Malta’s Constitution suggests that there is an intimate relation between work (which means something more than job or employment) and the democratic character of the Republic. The welfare of the individual (rights and freedoms), the welfare of democracy and economic participation are linked.

I’d say everything we know today about individual well-being, safeguarding freedoms and sustainable development confirms that those three elements are linked in mutually reinforcing relationships.

However, three political-economic developments are now exercising pressure that is weakening those mutual relationships. They threaten to tear those three elements apart, undermining the very meaningfulness of our republic’s self-definition.

First, there’s passport sales. Yes, they’re officially called “citizenship by investment” and it’s significant that the spin attempts to keep alive a link between voting rights (citizenship) and economic participation.

Because once you strip the spin away, you have to acknowledge that – whatever the advantages of selling passports – the consequence of making passports a commodity to be traded is that we now have a not insignificant number of citizens with political rights but who make no real economic contribution; indeed, the evidence suggests they have barely any ties to the republic.

Second, and more significantly in terms of numbers, the large proportion of imported labour means that we have many people on whose work the republic is based but who do not have full political rights.

Some are EU citizens and so have some political rights. Others are not citizens at all and have no political rights. They still have their human rights, obviously, but they do not belong to the democratic republic, even if the current character of the republic depends on their contribution.

The point here is simply to note a development, not to urge instant citizenship for all. We’re still a democratic republic based on work; but those working are divided into two or three political classes in terms of participation rights.

Is the decency of a democracy sustainable in the face of such inequality? The historical record suggests not; but the record is complicated by various factors. We can be sure, though, that when a defining article of our Constitution begins not to mean quite what it says, its meaningfulness is beginning to wobble.

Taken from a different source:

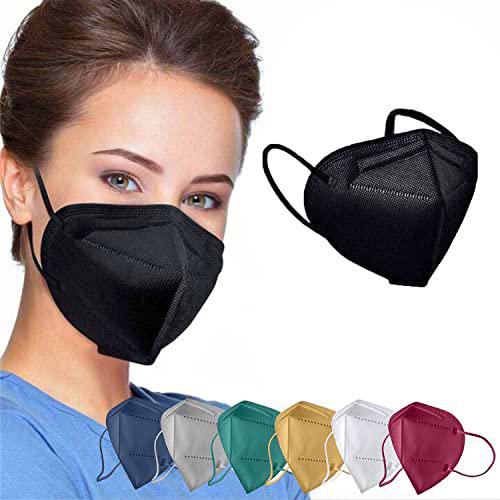 Redfink FFP2 - Máscara multicolor, fabricada en Europa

Third, there is an imminent development – automation of work, thanks to artificial intelligence – that will radically change the landscape of work.

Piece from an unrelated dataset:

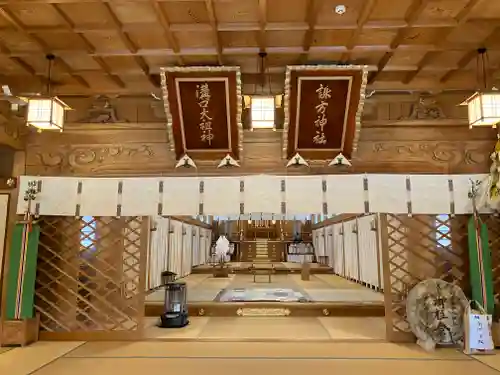 新発田諏訪神社(新潟県)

A large proportion of jobs will be lost to machines. It’s not a sci-fi future. The horizon is 2030. If your children are aged between 8 and 12 today, an automated economy is what beckons when they leave school or graduate from university.

What happens then to a “democratic republic based on work”? We know what happens to a statement like that contained in Hungary’s constitution:

“We hold that the strength of community and the honour of each person are based on labour, an achievement of the human mind.”

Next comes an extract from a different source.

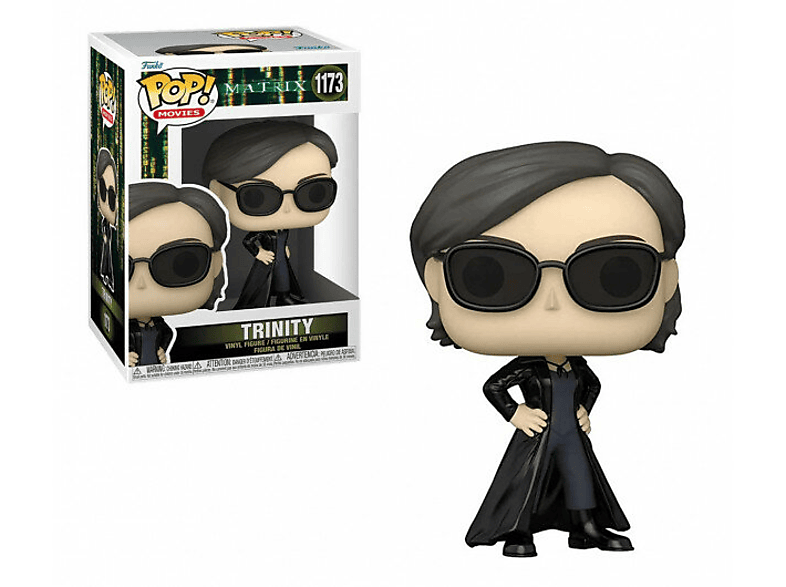 Figurka FUNKO POP! Movies: The Matrix 4 - Trinity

In an automated economy, that statement would mean that community and personal honour are severely threatened. Perhaps the wobbling is already being felt, and that could be why the liberal freedoms in Hungary are also becoming shakier.

Our Constitution doesn’t say the same thing. But the imminent future does mean we need to think more seriously, deliberatively and publicly about what we understand by work and how to recognise it as a creative contribution to our democracy.

We need to do it not to stave off change but to embrace it – politically and economically – in the right way. If we ourselves change for the worse, we cannot change our Constitution for the better. The first step in the right direction is to value what we have.